Thanks to our Montana Senators!!!!

This is from shootingwire.com

One Win For Our Side
At about five-thirty yesterday evening, the lengthy feature that was to have gone in today's editions of both the Outdoor and Shooting Wires was rendered unnecessary. Normally, that's not a reason for celebration. But this was no ordinary occurrence.

After having spoken with Larry Haynie of Georgia Arms regarding the Department of Defense decision to require all once-fired military brass be shredded rather than sold for repurposing to consumers and domestic agencies, it seemed the set-piece battle over gun ownership was underway.

This morning, there is no discomfort whatsoever to report that the Department of Defense has been introduced to the idea that unilateral decisions of this magnitude don't come without consequences.

The voice of reason came from the United States Senators from Montana.

More accurately, the voices of reason came from the Democratic senators from Montana.

Known for pushing ethics reform, Senator Jon Tester apparently isn't afraid to push for gun owners, too.
Senator Max Baucus (D-MT) a hand on the purse strings gets everyone's attention - even at the DOD 
At approximately 4:15 p.m. Eastern yesterday afternoon, Senators Tester and Baucus of Montana faxed a cosigned letter to the Department of Defense asking DOD to reverse their new policy requiring "mutilation" of fired military cartridge brass.

At approximately 5:30 p.m. Eastern our sources tell us, Senator Tester's office received a fax back from the Defense Department saying the brass destruction policy IS reversed.

Already, websites that coordinate the sale of DOD surplus are beginning to remove the "Mutilation" requirement from their listings. This only hours after they began adding the mutilation stipulation.

In short, it seems a fax from the Chairman of the Senate Finance Committee and another Senator had considerable powers of persuasion.
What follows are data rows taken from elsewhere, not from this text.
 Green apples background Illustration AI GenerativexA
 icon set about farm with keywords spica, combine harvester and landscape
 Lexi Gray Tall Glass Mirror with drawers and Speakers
That translates to a win for the law-abiding gun owners of the United States.

It is only appropriate that we recognize the party affiliation of both these men, because their willingness to go to bat for the ammunition industry demonstrates that, despite all the indications to the contrary, Washington is not irrevocably divided down party lines.
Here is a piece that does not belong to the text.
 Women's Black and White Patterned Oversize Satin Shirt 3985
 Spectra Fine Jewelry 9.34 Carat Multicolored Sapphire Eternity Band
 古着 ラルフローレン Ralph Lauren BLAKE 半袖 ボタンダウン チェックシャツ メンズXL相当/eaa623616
When it comes to firearms and Second Amendment rights, it seems party affiliations can still be disregarded.

That is reassuring.

Today, firearms owners owe these two gentlemen a vote of thanks.
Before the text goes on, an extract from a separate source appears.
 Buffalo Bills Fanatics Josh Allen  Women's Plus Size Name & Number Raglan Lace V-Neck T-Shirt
They didn't wait for an opinion poll, they acted.

Still, this is still no time to relax when it comes to firearms.

DOD has seen the light, but Attorney General Holder and the Justice Department seem determined to try and convince America the problems with Mexican drug smuggling and the related violence is due to the ease with which American arms are being purchased here and smuggled into Mexico.

Fortunately, not everyone is sitting still for that argument.

Last week, Chris Cox, executive director of the National Rifle Association's Institute for Legislative Action warned a House subcommittee not to make American gun owners "scapegoats" for the Mexican crisis.

"According to some," Cox said in a prepared statement, "the violence in Mexico is not the fault of the Mexican drug cartels or their American customers, nor is it the fault of decades of Mexican government corruption. In their views, the fault lies with American gun owners."

That, Cox continued, "is an outrageous assertion."

But that assertion continues.

And last week, three Democratic lawmakers were quick to notify Attorney General Holder of their "vigorous opposition" to any new gun restrictions the Obama administration might be considering.

The three lawmakers were Alaska Senator Mark Begich and - you guessed it - Montana Senators Max Baucus and Jon Tester.

Despite some ugly times that will likely lie ahead, it seems it's not too-late to hope for some non-partisan common sense to be injected into Congress.

OK, maybe that's optimistic, but we'll take this win - and all the support we can muster.

Thank you, Senators Tester and Baucus, for your unhesitating support.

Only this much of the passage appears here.